The quiet streets of West Berlin were shattered by gunfire Tuesday afternoon when a New Jersey State Police detective shot and killed a 38-year-old man identified by family as Shawn—a father, a fiancé, a man who lived for his two young daughters—just steps from his own home.
The official statement from the Attorney General’s Office is sparse: two detectives with the U.S. Marshals Fugitive Task Force encountered Shawn on Haddon Avenue, a revolver was recovered, and in the span of a fatal encounter, a life was cut short.
But the human cost cannot be so neatly summarized.
Shawn’s mother watched in horror as her son fell. Neighbors heard shouting, then three gunshots.
His best friend, Lee Reed, struggled to speak through grief and rage: “One second I’m angry—next second I wanna cry.”
Shawn was not a statistic; he was a man who took his girls fishing, who wandered the Berlin Mart with them, who, by all accounts, lived for his family.
Now, his daughters will grow up without him.
The state’s mandatory investigation will unfold, as it must.
A grand jury will decide whether the officer’s use of force was justified.
But no legal proceeding can answer the deeper questions that haunt this community tonight: Why did this happen?

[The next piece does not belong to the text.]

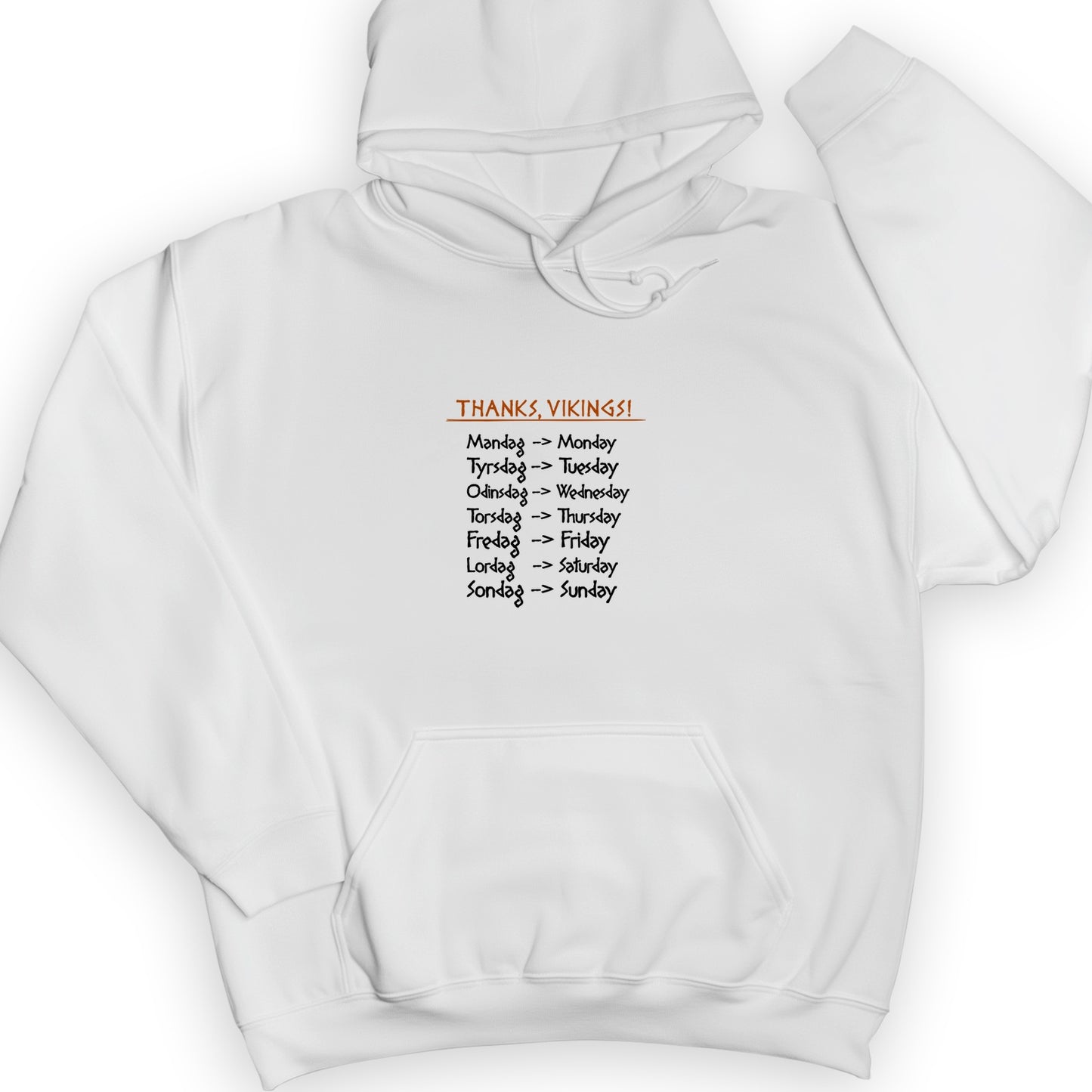 Nordic Gods Days Of The Week Hoodie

Was there no other way? Police say a revolver was found at the scene—but what led to that moment? What words were exchanged? What fear or miscalculation turned a routine encounter into a death sentence?

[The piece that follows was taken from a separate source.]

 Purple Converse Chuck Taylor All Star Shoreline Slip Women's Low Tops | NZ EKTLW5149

For now, there are only echoes—of gunfire, of a mother’s screams, of a friend’s shattered voice repeating, “That’s all he cared about was his girls.” And in the silence left behind, a town waits for answers.

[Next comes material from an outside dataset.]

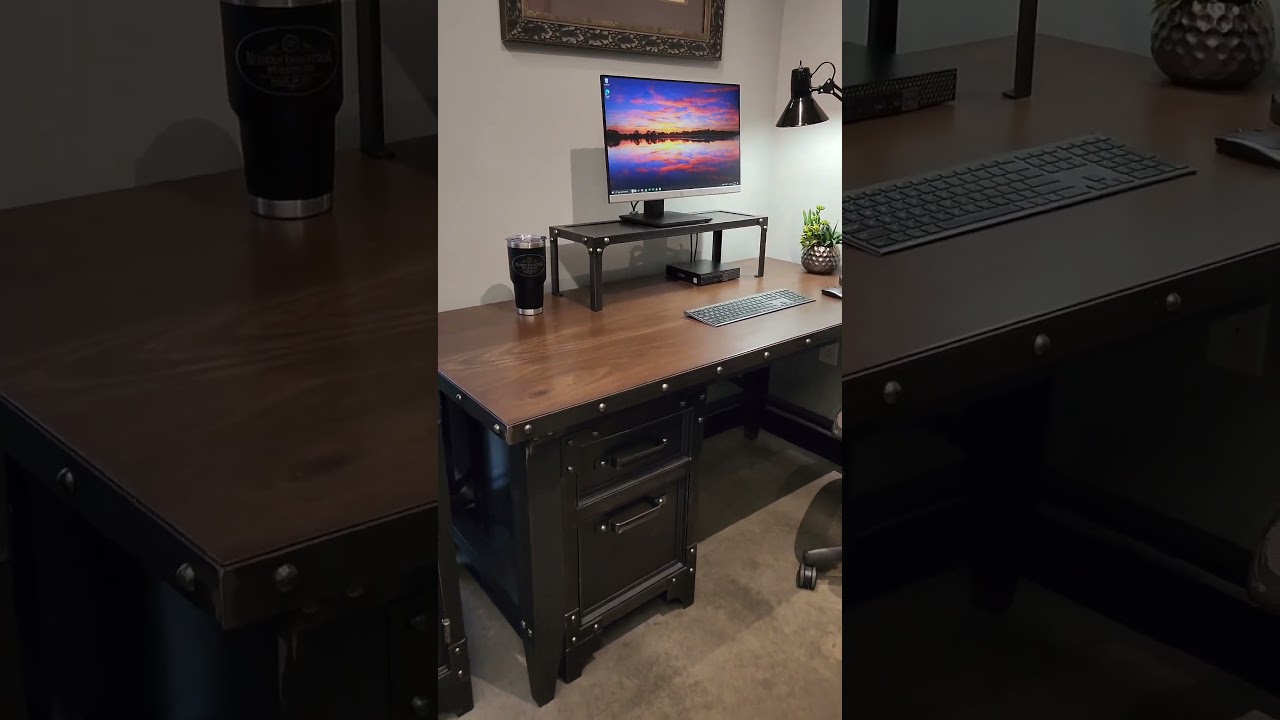 Modern Industrial Office Furniture, authentic and handmade in Houston Texas. Get your order in.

The Attorney General’s Office announced that a state grand jury voted not to file any criminal charges against a Keansburg police officer who shot and killed Willem “Will” Roman, 46, a cherished son, brother, uncle, and friend, who died on June 14, 2024.
Uniformed officers of the Keansburg Police Department were dispatched to a residence on Seabreeze Way for a welfare check on Roman, who approached the police with a running chainsaw.
Patrolman John Swartz deployed a conductive energy device, and Patrolman Manges fired his service weapon, both striking Roman, who died from injuries sustained during the encounter.
Only two New Jersey officers have been indicted for an on-duty shooting since the current system began. The system has declined charges in at least 40+ fatal incidents since 2018.